Ist man mit Natascha Toman im Gespräch, so spricht sie mithilfe eines Sprachausgabegeräts. Sie gibt per Augensteuerung Buchstabe für Buchstabe ins Gerät ein, ein Wort entsteht, ein Satz wird gebaut. Dann wird dieser Satz von einer Computerstimme laut vorgelesen und auf einem screen angezeigt. Das wirkt beeindruckend und ungewohnt zugleich. Für Natascha Toman ist diese Augensteuerung eine riesige Erleichterung, um sich ausdrücken zu können. „Ich kann damit wirklich sagen, was ich möchte. Mit der Tastatur muss ich mich sehr konzentrieren, dass meine Finger jeden Buchstaben korrekt treffen – mit meiner körperlichen Unruhe ist das auf Dauer sehr anstrengend und ermüdend. Bei der Augensteuerung muss ich hingegen nicht so viel auf meinen Körper achten und kann einfach „drauf los schauen und schreiben“. Aber dennoch geht ihr diese Art der Kommunikation noch immer viel zu langsam, vor allem wenn ich mich im Alltag mit anderen Leuten unterhalte. „Mein Wunsch ist, ins flüssige Gespräch kommen zu können, ganz normal und auch schneller.“
Als Nutzerin arbeitet sie auch an der Weiterentwicklung der Geräte mit
In den letzten Jahren hat sich die Qualität und Leistung dieser Tools massiv gewandelt.

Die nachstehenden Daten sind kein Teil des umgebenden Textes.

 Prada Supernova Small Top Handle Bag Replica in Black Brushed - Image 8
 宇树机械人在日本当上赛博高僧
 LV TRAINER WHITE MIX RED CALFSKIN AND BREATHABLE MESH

Und doch warten viele Nutzer:innen wie Natascha Toman noch auf weitere Entwicklungen. Frau Tomans Berater, Christian Kienesberger erläutert das so: „Mit Natascha haben wir eine Kundin, die wir auch sehr gut miteinbeziehen können, wenn es um Anwenderfragen und Produkttests geht. Sie kennt sich sehr gut aus. Natascha spricht über ihre Bedürfnisse, sie tritt auch öffentlich auf, um das Thema „Recht auf Kommunikation“ zu forcieren. Sie ist in Hörsälen und auf Kongressen unterwegs, spricht im Fernsehen und das sehr authentisch und echt – das ist ihr wichtig.“ Und es ist für das Thema wichtig, damit es einem breiteren Publikum bewusst wird, was solche Hilfsmittel für Menschen bedeuten können.

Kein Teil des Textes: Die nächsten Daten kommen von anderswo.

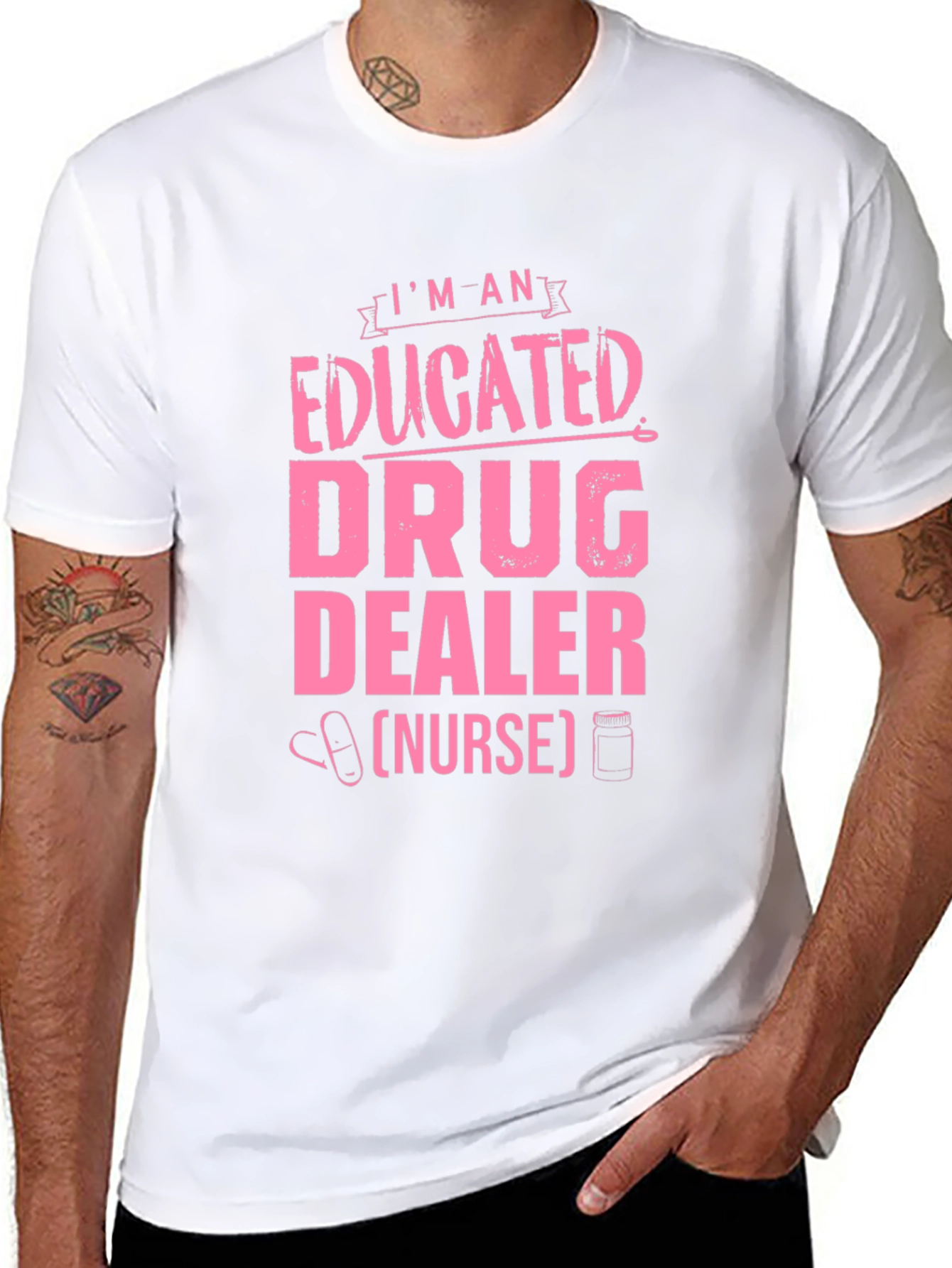 Black Educated Drug Dealer (Nurse) T-Shirt view 8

Natascha Toman ist auch in den Sozialen Medien sehr aktiv. „Mit meiner Facebook-Seite wollte ich einfach ein wenig auf mich und meine UK-Tätigkeit aufmerksam machen. Ich wollte zeigen, dass ich Vorträge halte, und man sich gerne bei mir melden kann. Den Blog habe ich in meiner Funktion als Fachvorstand für UK-Nutzer:innen bei der Gesellschaft für Unterstützte Kommunikation ins Leben gerufen.“
So wird Arbeiten am allgemeinen Arbeitsmarkt erst möglich
Natascha Toman ist der Sprung in die Arbeitswelt gelungen. Und noch noch vieles mehr. Obwohl der Weg steinig war. Ihren Bildungsweg begann Natascha Toman in Pressbaum im Kindergarten. „Leider war die ortsansässige Volksschule für mich aber nicht geeignet, und ich bin dann in Wien in die Volks- und auch in die Hauptschule gegangen. Danach habe ich die Handelsschule abgeschlossen. Durch meine Ferialjobs habe ich bei der Firma Bosch die Möglichkeit bekommen, eine Lehre zur Großhandelskauffrau zu machen – was mir damals definitiv die Türe zur Arbeitswelt geöffnet hat. Nebenbei habe ich zur selben Zeit die Berufsreifeprüfung an der Volkshochschule (VHS) abgeschlossen.“
Wie gelingt es, sich diese teuren Hilfsmittel zu leisten?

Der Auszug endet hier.